> _Work instruction_: Skip the pictures. Transcribe the rest of the data below without changing a word.
-- Data block follows --
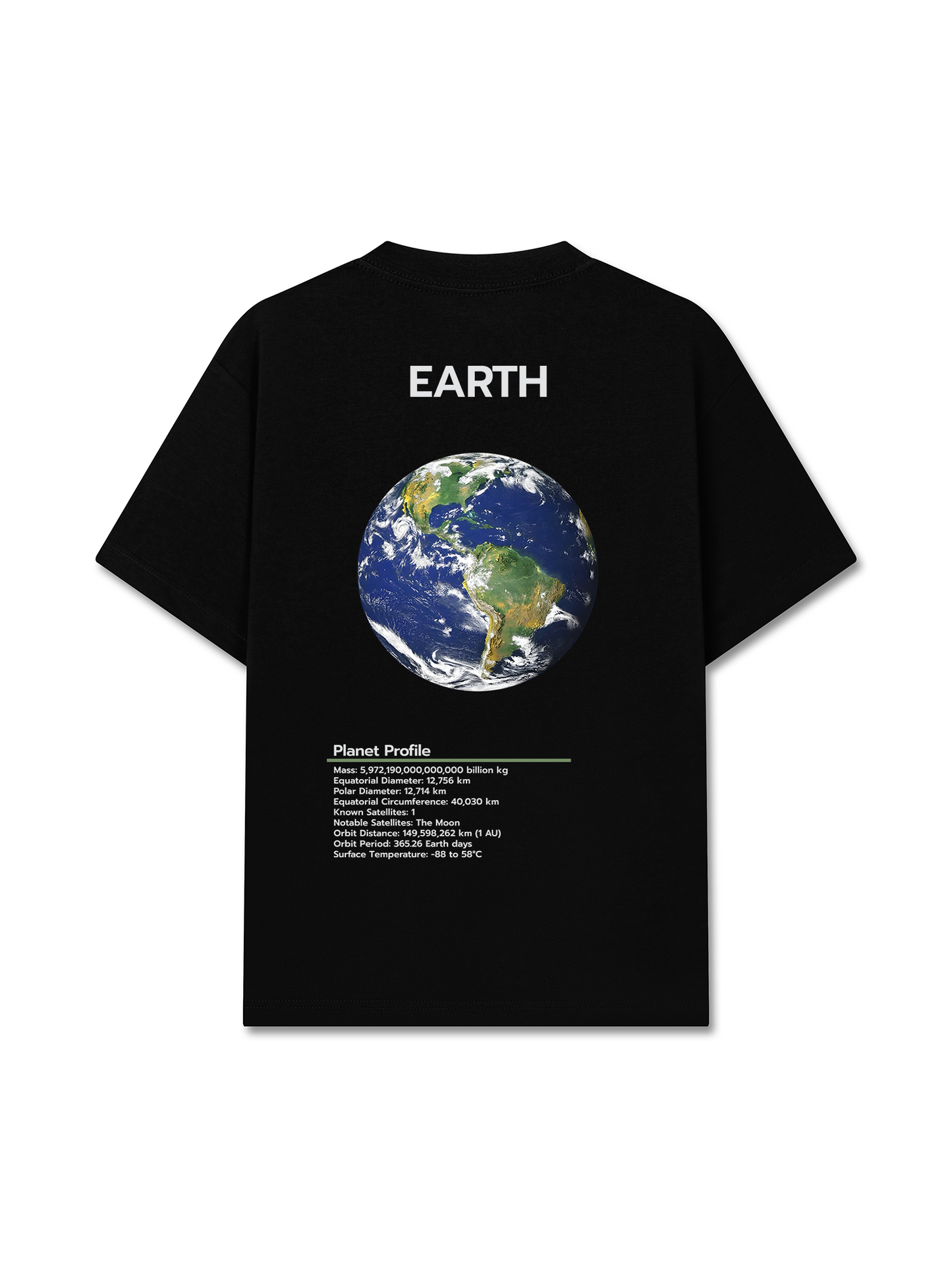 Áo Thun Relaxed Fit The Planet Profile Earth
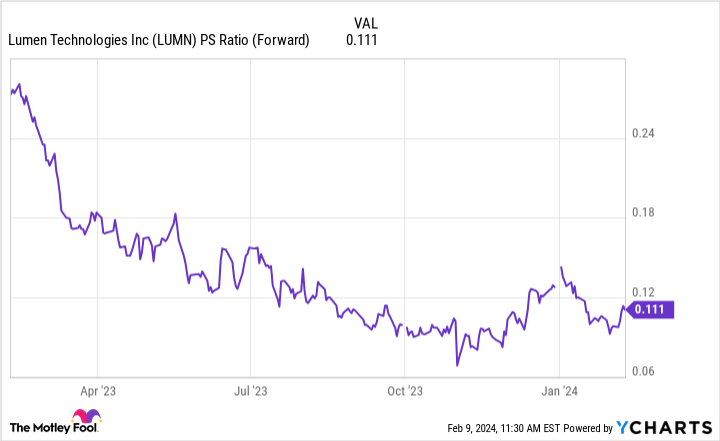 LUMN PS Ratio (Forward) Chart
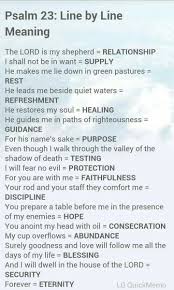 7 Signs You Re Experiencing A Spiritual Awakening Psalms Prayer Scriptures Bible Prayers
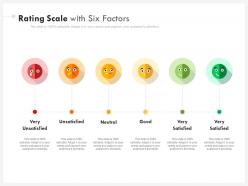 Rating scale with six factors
-- Data block concluded --
> _Answer to this exercise_:
 Áo Thun Relaxed Fit The Planet Profile Earth
 LUMN PS Ratio (Forward) Chart
 7 Signs You Re Experiencing A Spiritual Awakening Psalms Prayer Scriptures Bible Prayers
 Rating scale with six factors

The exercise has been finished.